• _What needs to be done_:
Your reply should contain nothing except the lines from the one with "Chico(チコ)の「チャー" through the end of the listing below, reproduced exactly and stripped of pictures.

*** Data section ***

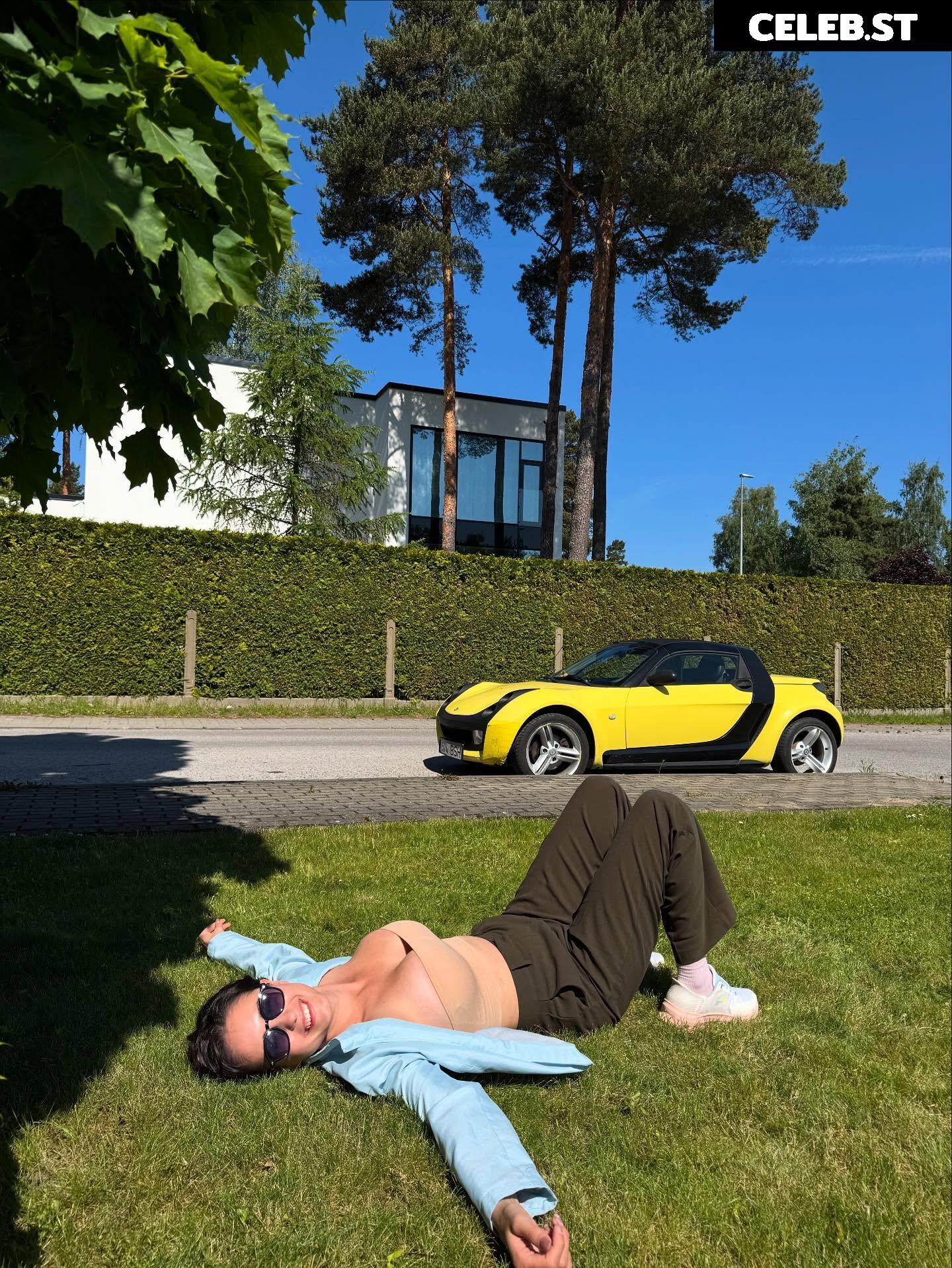 only.lika / Onlylika / likanextlevel / likaland_ Image 10004184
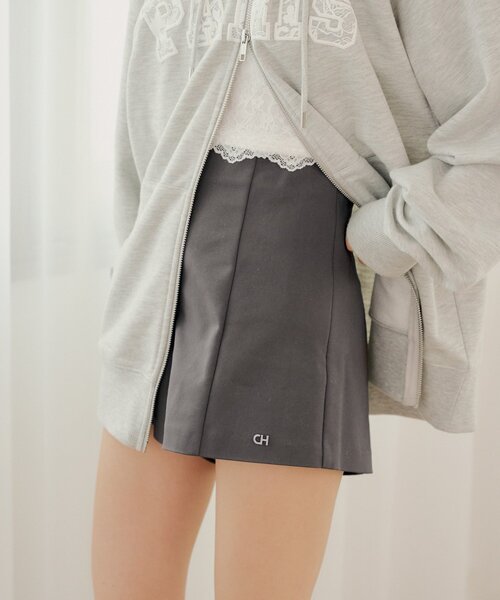 Chico(チコ)の「チャーム付きコンパクトショートパンツ(その他パンツ・レディース・ブラック/チャコールグレー/ブラック系その他2・SMALL/MEDIUM)」の10枚目の写真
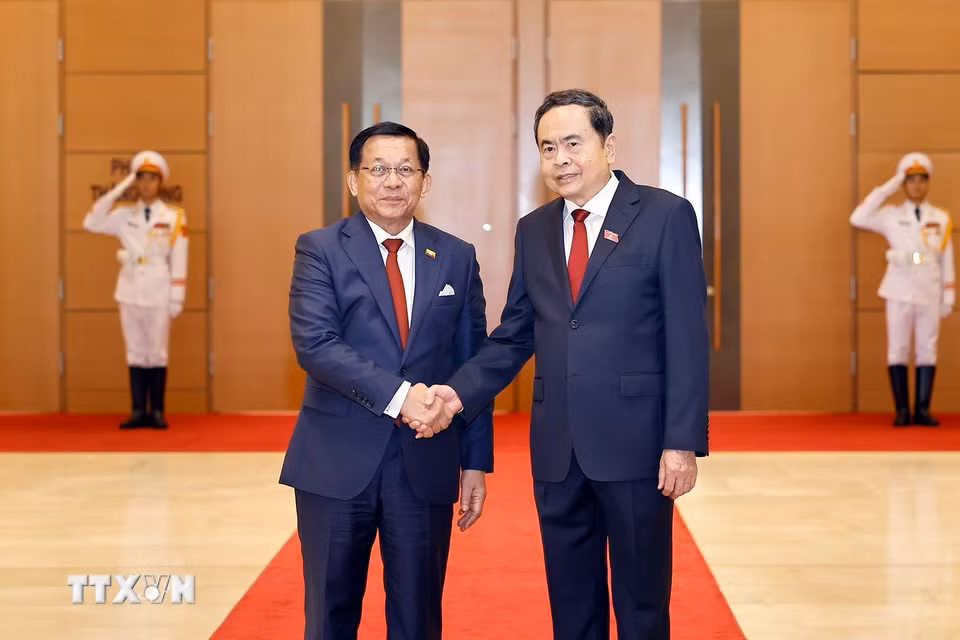 Chủ tịch Quốc hội Trần Thanh Mẫn hội kiến Tổng thống nước Cộng hòa Liên bang Myanmar Min Aung Hlaing. (Ảnh: Doãn Tấn/TTXVN)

*** End of Data section ***

• _Answer space_:
 Chico(チコ)の「チャーム付きコンパクトショートパンツ(その他パンツ・レディース・ブラック/チャコールグレー/ブラック系その他2・SMALL/MEDIUM)」の10枚目の写真
 Chủ tịch Quốc hội Trần Thanh Mẫn hội kiến Tổng thống nước Cộng hòa Liên bang Myanmar Min Aung Hlaing. (Ảnh: Doãn Tấn/TTXVN)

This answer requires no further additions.